Now, when the HPA scales the replicas for the workload to 36, there is a node ready to accept new pods immediately. Provided the workload pods use a higher PriorityClass than the overprovisioner, the overprovisioner pod will be evicted to make way for the 6 pods that couldn’t otherwise be scheduled elsewhere in the cluster. Meanwhile, the overprovisioner will fall into a Pending state which will trigger the CA to provision a new standby node for the overprovisioner to live.
There is a helm chart that can be used to deploy the overprovisioner, but these sample manifests demonstrate the principle:
First you need to create a PriorityClass for your autoscaling workloads. If you are already using PriorityClasses, you need only ensure the overprovisioner’s PriorityClass value is lower. If you’re not using PriorityClasses, create a default that will be used if one is not specified:
apiVersion: scheduling.k8s.io/v1
kind: PriorityClass
metadata:
name: default
value: 0
globalDefault: true
description: "This priority class will be used by all pods that do not specify one."
Next create a PriorityClass for your overprovisioner. This priority class will
work provided you have not altered the CA’s default priority cutoff of -10. If
you set the --expendable-pods-priority-cutoff
flag to 0, for example, the CA
will not provision standby nodes for the overprovisioner using a PriorityClass
of -1.
apiVersion: scheduling.k8s.io/v1
kind: PriorityClass
metadata:
name: overprovisioner
value: -1
globalDefault: false
description: "This priority class will be used the overprovisioner to create standby worker nodes."

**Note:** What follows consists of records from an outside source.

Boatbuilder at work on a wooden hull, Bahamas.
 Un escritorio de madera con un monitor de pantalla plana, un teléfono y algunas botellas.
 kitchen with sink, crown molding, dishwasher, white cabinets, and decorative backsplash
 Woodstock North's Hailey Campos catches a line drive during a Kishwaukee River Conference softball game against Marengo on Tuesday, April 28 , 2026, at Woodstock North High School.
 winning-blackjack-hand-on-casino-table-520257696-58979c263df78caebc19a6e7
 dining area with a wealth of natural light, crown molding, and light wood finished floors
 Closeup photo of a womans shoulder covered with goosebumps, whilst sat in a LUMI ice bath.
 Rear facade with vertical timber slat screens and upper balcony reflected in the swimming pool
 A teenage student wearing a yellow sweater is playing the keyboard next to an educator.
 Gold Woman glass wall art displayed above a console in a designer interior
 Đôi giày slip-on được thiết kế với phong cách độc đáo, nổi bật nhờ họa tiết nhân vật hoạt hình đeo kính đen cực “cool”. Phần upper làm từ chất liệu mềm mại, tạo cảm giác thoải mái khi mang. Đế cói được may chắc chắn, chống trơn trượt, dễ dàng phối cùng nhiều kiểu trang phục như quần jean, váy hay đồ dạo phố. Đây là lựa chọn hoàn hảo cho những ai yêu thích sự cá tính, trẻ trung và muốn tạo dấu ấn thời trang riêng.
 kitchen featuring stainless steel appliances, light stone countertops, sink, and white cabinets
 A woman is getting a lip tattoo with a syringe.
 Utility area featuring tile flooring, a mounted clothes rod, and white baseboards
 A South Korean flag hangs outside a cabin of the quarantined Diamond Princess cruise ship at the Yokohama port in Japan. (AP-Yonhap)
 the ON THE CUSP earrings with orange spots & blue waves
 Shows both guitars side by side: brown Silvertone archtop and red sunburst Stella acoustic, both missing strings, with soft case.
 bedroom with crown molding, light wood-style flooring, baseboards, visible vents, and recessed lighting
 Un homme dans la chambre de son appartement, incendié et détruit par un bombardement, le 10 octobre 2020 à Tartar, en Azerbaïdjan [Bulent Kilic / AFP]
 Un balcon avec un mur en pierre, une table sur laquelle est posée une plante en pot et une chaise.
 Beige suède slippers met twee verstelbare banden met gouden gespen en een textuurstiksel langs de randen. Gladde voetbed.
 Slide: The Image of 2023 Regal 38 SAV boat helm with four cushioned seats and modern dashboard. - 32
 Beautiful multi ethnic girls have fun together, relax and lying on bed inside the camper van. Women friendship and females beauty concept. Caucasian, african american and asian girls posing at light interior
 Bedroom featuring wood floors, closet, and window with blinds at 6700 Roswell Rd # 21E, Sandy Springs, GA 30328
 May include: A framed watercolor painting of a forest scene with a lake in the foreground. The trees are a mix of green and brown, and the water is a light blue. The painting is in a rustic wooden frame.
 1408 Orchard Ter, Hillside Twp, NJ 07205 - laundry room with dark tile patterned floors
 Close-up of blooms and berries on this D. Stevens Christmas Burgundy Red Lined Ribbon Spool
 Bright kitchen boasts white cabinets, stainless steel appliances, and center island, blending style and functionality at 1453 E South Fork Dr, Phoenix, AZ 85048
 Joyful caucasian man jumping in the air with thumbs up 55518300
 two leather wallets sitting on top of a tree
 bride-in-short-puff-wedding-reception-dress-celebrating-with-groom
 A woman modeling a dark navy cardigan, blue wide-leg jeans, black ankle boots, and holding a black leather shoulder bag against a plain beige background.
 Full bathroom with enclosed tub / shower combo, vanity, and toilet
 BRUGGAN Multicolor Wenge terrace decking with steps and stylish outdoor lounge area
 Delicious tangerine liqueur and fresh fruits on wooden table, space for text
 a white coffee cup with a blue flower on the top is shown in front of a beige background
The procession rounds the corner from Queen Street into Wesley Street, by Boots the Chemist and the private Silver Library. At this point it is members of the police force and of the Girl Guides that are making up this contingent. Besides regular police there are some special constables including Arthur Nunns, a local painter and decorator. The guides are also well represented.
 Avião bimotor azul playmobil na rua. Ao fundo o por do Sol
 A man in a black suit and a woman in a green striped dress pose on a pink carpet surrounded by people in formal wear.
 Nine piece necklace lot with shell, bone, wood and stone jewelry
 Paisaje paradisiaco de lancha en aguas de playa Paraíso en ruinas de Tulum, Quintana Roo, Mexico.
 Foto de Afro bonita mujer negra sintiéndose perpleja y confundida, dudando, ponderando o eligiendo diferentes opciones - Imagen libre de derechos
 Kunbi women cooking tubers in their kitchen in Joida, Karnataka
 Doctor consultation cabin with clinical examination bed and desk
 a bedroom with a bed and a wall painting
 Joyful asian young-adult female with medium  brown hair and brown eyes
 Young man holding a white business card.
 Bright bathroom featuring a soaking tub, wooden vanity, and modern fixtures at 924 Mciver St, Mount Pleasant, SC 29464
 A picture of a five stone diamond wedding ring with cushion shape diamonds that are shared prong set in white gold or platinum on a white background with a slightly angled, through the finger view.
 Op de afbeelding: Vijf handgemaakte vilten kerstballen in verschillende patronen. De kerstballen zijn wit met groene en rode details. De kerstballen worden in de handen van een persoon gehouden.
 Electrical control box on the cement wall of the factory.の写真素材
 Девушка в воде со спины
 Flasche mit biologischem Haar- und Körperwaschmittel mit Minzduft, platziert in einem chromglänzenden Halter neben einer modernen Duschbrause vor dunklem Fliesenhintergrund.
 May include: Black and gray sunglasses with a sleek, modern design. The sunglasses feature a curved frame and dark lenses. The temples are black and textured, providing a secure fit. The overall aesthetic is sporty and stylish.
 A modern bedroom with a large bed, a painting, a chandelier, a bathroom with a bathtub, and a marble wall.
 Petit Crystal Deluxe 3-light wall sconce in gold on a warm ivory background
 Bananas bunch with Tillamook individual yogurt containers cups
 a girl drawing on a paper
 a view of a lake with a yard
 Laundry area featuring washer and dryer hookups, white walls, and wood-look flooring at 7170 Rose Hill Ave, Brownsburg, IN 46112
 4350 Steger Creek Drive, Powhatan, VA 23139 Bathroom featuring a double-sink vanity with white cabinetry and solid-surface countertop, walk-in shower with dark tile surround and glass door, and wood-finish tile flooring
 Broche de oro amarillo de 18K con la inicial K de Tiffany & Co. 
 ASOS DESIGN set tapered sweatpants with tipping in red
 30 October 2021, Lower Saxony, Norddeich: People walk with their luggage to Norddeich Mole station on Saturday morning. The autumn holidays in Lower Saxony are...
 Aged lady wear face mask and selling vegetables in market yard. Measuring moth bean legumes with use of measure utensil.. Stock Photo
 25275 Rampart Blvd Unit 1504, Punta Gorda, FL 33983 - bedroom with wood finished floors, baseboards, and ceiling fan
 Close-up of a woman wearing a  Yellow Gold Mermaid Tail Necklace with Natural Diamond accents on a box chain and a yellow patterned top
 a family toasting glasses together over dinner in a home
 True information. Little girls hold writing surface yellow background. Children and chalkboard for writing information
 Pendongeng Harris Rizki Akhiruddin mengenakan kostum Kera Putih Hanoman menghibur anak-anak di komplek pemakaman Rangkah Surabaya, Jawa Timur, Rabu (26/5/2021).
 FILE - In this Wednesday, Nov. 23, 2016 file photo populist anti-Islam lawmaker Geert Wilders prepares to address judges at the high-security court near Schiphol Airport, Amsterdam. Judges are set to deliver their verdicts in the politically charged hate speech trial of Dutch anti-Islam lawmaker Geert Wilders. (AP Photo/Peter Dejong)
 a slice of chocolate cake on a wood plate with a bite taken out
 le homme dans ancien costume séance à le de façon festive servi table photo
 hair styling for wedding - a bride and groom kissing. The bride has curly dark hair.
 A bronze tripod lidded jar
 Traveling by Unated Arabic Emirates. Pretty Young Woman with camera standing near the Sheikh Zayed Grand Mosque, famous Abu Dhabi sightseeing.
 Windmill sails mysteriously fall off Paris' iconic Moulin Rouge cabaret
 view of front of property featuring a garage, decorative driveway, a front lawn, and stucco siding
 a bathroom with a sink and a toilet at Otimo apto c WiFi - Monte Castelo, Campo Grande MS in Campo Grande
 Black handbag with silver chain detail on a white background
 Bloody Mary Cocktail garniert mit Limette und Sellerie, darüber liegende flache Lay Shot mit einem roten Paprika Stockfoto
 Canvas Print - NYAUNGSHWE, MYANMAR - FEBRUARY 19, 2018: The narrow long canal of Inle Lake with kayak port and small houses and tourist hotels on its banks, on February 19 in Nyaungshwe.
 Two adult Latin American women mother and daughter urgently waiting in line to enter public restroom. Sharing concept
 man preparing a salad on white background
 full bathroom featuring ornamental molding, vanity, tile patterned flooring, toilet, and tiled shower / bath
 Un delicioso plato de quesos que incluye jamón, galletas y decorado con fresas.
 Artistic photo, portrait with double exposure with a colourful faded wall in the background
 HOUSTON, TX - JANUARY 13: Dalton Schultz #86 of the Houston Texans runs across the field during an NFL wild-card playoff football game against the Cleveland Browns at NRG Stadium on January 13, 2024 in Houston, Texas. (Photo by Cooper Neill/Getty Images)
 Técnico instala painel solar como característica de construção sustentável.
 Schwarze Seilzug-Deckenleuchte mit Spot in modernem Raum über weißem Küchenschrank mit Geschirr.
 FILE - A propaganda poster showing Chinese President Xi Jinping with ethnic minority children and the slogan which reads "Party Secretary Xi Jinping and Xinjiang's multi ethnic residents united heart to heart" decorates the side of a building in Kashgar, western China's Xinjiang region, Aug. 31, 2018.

Now Create a deployment that acts as the placeholder workload:
apiVersion: apps/v1
kind: Deployment
metadata:
name: overprovisioner
spec:
strategy:
type: Recreate
replicas: 3 # helps determine standby nodes
selector:
matchLabels:
app: overprovisioner
template:
metadata:
labels:
app: overprovisioner
spec:
priorityClassName: overprovisioner # specifies priority class
containers:
- name: overprovisioner
image: k8s.gcr.io/pause:3.1 # workload consumes no resources
resources:
requests:
cpu: 31 # helps determine standby nodes
An important consideration with this strategy is the relationship between this deployment’s CPU requests, replicas and the standby nodes it creates. In this example we have asked for 3 replicas that request 31 CPU each. In a cluster that uses 32 core worker nodes, the objective is for the CA to provision 3 standby nodes. It is generally not going to work to request all CPU for the node. If there are any DaemonSet pods that request resources, the overprovisioner will not get scheduled at all. So, determine the aggregate CPU request for the pods that every node runs such as your CNI provider pod, kube-proxy, and any other DaemonSets. Then set the CPU requests for your overprovisioner to just below that. If you set it too low, workloads will be provisioned alongside the overprovisioner and you will not get new standby nodes added to the cluster when you otherwise might expect to.
This system has the benefit that you can scale the number of replicas for the overprovisioner and get a corresponding number of standby nodes. It has the disadvantage that if you add DaemonSets without adjusting the overprovisioner CPU request, or if you adjust the number of cores for your worker nodes, your overprovisioner may stop working as expected.